In der Regionalliga geht es vermutlich eben nicht in erster Linie um spielkulturell wertvolle Ballkontrolle, sondern um robustes Zweikampfverhalten und direkten Zug zum Tor. Das Hannover-Prinzip quasi. In diesem Sinne sah der HSV am Sonntag zwar gut aus, war aber alles in allem auch chancenlos gegen RB Leipzig, die in diesem Spiel vieles richtig gemacht haben. Kompakte Defensive, gewonnene Zweikämpfe, Balleroberung, schnelles Spiel, Abschluss. Man braucht da sicherlich noch wesentlich mehr Sicherheit im schnellen Spiel und ab und zu jemanden, der auch mal Ruhe ins Spiel bringt, aber im Kern war der Auftritt gegen den HSV in seiner Konzeption (nicht unbedingt in seiner konsequenten Umsetzung) Regionalliga at its best.
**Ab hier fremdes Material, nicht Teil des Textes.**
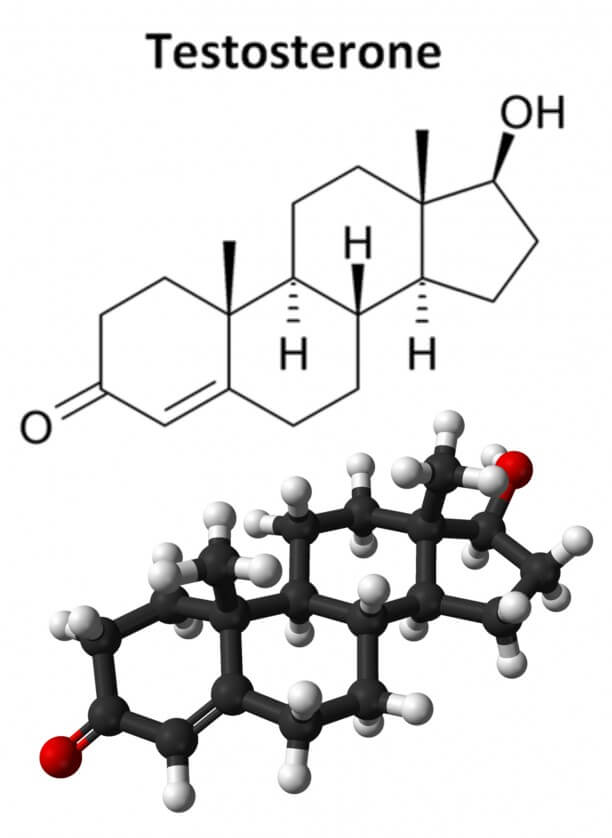 steroide anabolisant definition - So Simple Even Your Kids Can Do It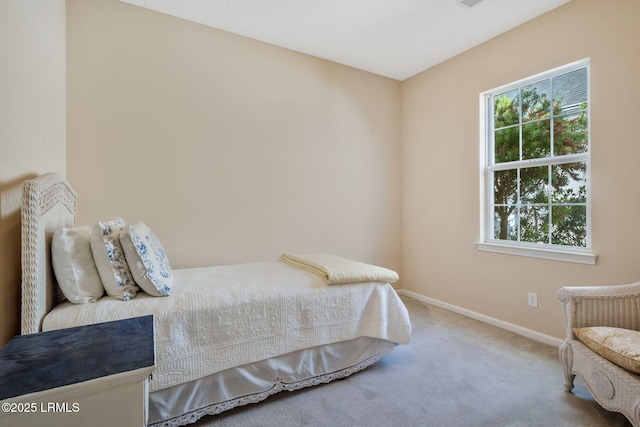 10 Cherry Ln, Okatie, SC 29909 - carpeted bedroom with baseboards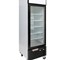 NovaChill - Single Glass Door Upright Display Freezer 590 Litre - SM600GZ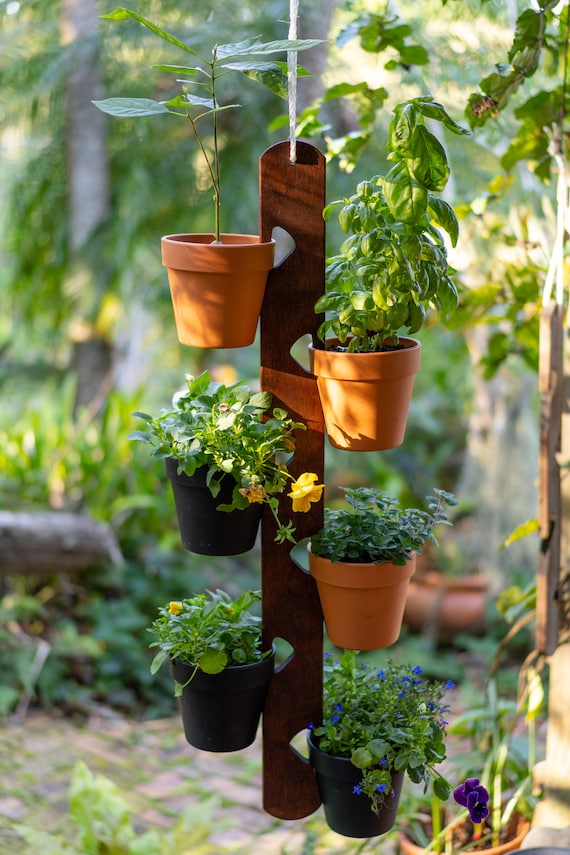 6 plant pots LAMDAWN Cute Ceramic Succulent Garden Pots, Planter with Drainage and  Attached Saucer, Set of 6 -Plants Not Included (Vivid Colors) main image 0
Von daher spielte die hübsche Spielanlage der Hamburger den Ideen von RB Leipzig und Tomas Oral eher in die Karten.

Wie auch immer, aus der Ruhe lässt sich Tomas Oral mit dem ihm eigenen Selbstbewusstsein sowieso nicht bringen. Andere hätten nach Thomas Linkes Aussage vielleicht gedacht, dass es jetzt eine gute Idee wäre einen Schritt auf den RB-Sportdirektor zuzumachen. Nicht so der aktuelle Cheftrainer von RB Leipzig:

Vielleicht hat er es ja anders gemeint. (Tomas Oral zur Kritik Thomas Linkes, zitiert nach lvz-online vom 07.03.2011)

Vielleicht hat er es das. Vielleicht aber auch nicht..

2 Gedanken zu „Tomas Oral und der Gegenwind“

  1. Thomas Linke hat gesagt, daß der HSV den besseren Fussball gespielt hat, was sich mit meiner Beobachtung vom Sonntag und Deiner Spielbewertung vom Montag deckt, wie sicher auch mit der Einschätzung der Mehrzahl der sonntäglichen Arenagäste.

    So gesehen ist mein Eindruck des Schlusssatzes aus dem LVZ-Online-Artikel eher der einer „anderen“ Wahrnehmung beim Trainer. Eine ähnliche Auffälligkeit war übrigens nach dem Chemnitz-Spiel der Hinrunde zu beobachten. Andererseits überwiegen am Ende 3 Punkte und 3:0 Tore die spielerische Schönheit, also hat Tomas Oral allein deshalb erst mal die Lacher auf seiner Seite.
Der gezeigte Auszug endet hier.